**Supplied material:**
┄┄┄┄┄┄┄┄┄┄┄┄┄┄┄┄┄┄┄┄
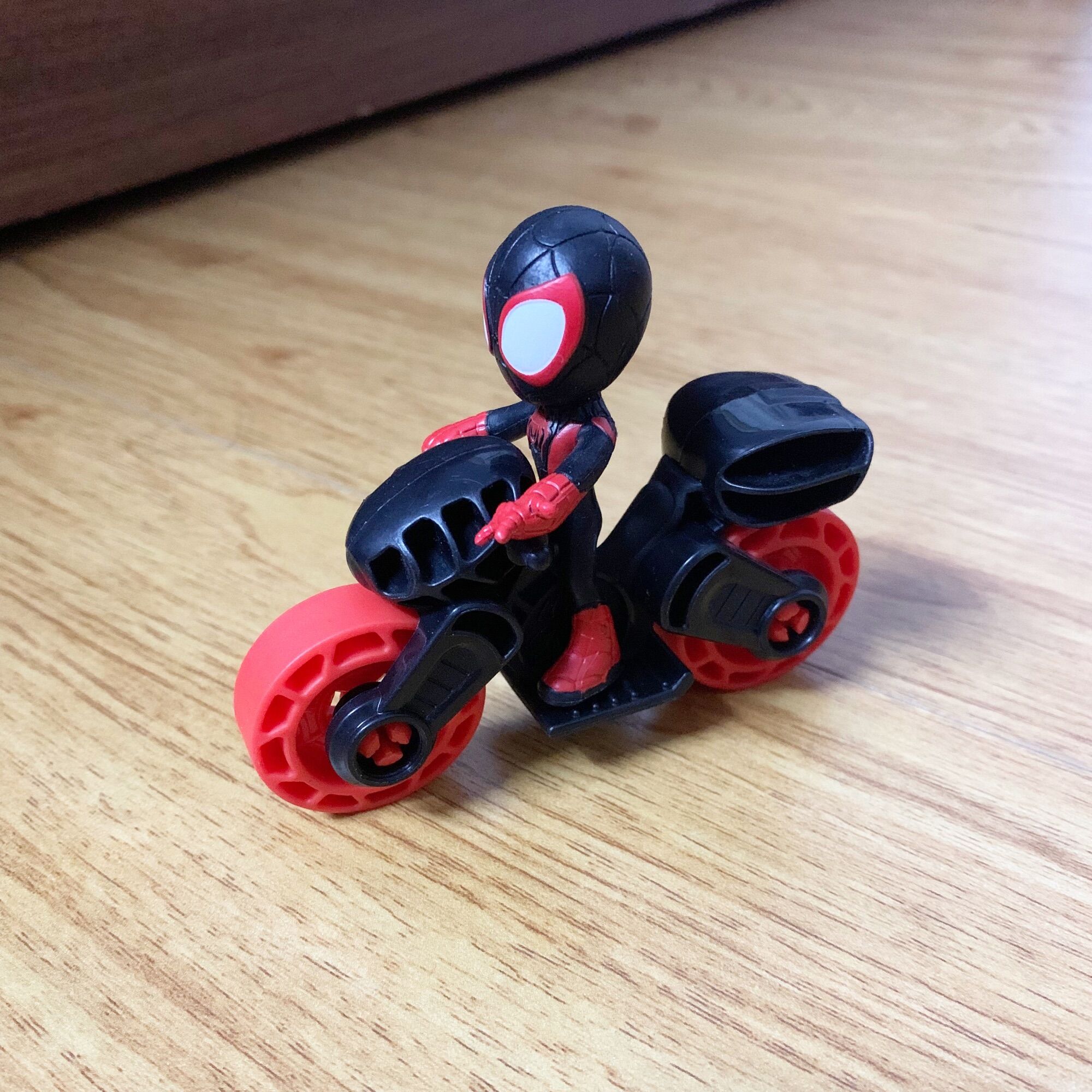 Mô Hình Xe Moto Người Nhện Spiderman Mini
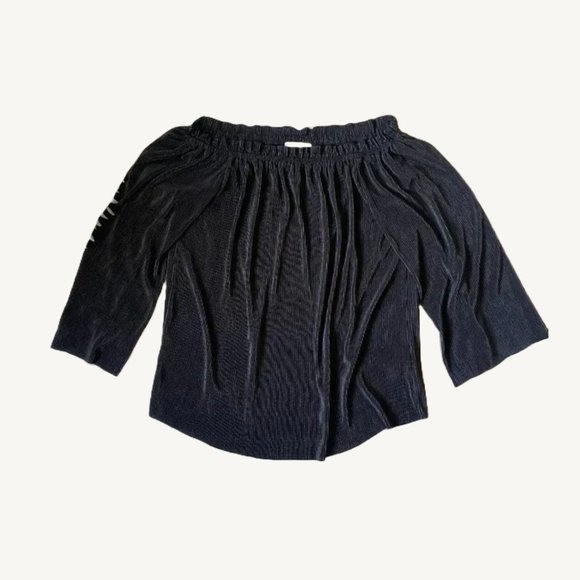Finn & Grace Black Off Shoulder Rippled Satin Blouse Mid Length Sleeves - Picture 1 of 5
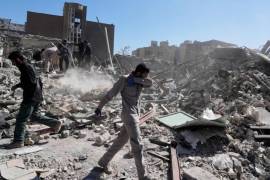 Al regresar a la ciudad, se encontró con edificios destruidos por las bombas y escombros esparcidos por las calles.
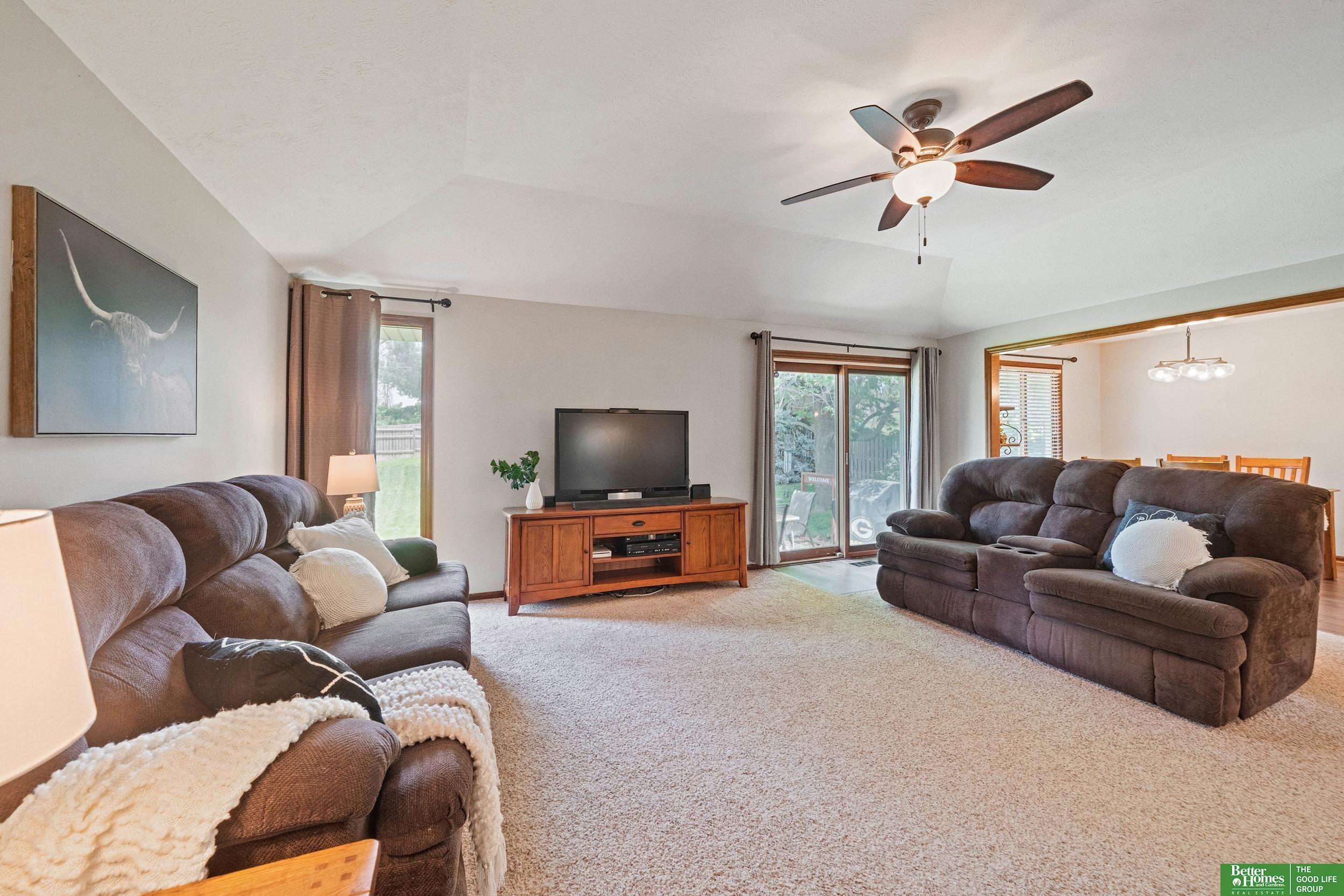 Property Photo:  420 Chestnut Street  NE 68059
┄┄┄┄┄┄┄┄┄┄┄┄┄┄┄┄┄┄┄┄
**Exercise description:**
Reproduce the material word for word. Any pictures should be left out of the copy.

**Written solution:**
 Mô Hình Xe Moto Người Nhện Spiderman Mini
Finn & Grace Black Off Shoulder Rippled Satin Blouse Mid Length Sleeves - Picture 1 of 5
 Al regresar a la ciudad, se encontró con edificios destruidos por las bombas y escombros esparcidos por las calles.
 Property Photo:  420 Chestnut Street  NE 68059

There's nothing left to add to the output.